The Electronics and Information Technology Department of the Government of Odisha also reacted:

Machine Translation
Machine translation is used to translate the text or speech of the source language to a target language. The translation that Google uses relies on the Neural Machine Translation [35], a computational system that uses a technique called artificial neural network [36] where large datasets consisting of translation of phrases (from source to target language [37]) are used for training.

With the inclusion of Odia, Google Translate and Microsoft Translator now support 11 Indian languages each. In total, Google supports 109 world languages while Microsoft supports 73.

Meanwhile, open-source initiatives are yet to create successful machine translation projects in Odia.

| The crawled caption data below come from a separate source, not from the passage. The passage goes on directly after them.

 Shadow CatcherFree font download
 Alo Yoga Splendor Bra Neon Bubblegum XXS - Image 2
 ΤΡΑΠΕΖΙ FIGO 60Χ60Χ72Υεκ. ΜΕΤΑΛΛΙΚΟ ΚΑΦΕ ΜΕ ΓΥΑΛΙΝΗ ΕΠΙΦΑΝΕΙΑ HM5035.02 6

At least one open-source community-led project is in development — MTEnglish2Odia [38] is training a machine translation engine by collecting translation pairs from existing sources such as Odia-language Wikipedia [39] and crowdsourcing [40] from user contributions on Twitter [41].

In addition, there are some research [42] and resources [43] that can be used for building machine translation engines by other organizations.

The politics of machine translation

The technology used by Google Translate or Microsoft Translator is complex from social, legal, ethical, and rights aspects.

A machine translation platform can be of great use for many people, including journalists to quickly access news from multiple languages, or students desiring to learn from multilingual resources.

Similarly, voice synthesis support helps persons with a disability, especially blindness, to access and share information more easily.

Education, media, and the entertainment industry also benefit from the potential of Google Translate to translate vast amounts of content in a short period of time.

On the other hand, machine translation can contribute to spreading misinformation, while voice synthesis facilitates fraudsters who look to prey on people by communicating with them in their language.

There are over 6,000 documented languages [44] around the world, and only a minority of them have established writing systems. Those are the languages that get to be included in machine translation projects such as Google Translate and Microsoft Translator.

The availability of online content, as well as the number of internet users who speak a given language, are major factors for-profit corporations consider when deciding which languages to include in their systems. The more languages a corporation supports, the more targeted content it can deliver to users — and the more revenue it generates from ads [45].

In addition, there are ethical questions of attribution and remuneration in projects such as Google Translate, which has a contributor community structure [46] to review existing translations (that helps engineers regularly improve the tool).

While Google is a for-profit company with many paid products — including a cloud translation service [47] — neither the individual volunteers nor the numerous public sources from where the machine learns are attributed or remunerated.

The use of private communications for improving machine learning and artificial intelligence are also controversial from a privacy standpoint — though Google has been working towards anonymizing such data [48].

In a country like India, where the creation of multilingual content faces bottle-necks due to costs, products such as Google Translate and  Microsoft Translator can revolutionize the Indian content economy. They can make a difference for projects such as Wikipedia, which currently exist in 23 Indian languages [49], or StoryWeaver [50], a multilingual online children’s literature platform that heavily relies on volunteer work.

With many Indian languages disappearing rapidly [51], and with the added challenge of illiteracy and digital accessibility, the communications pathway needs more innovation in voice and visual technology. Machine translation can be a viable tool to stop language extinction — but in India, it still has a long way to go.

Disclaimer: The author has been involved with Odia Wikipedia [52] as a volunteer since 2011 and with MTEnglish2Odia [38] since its early stages.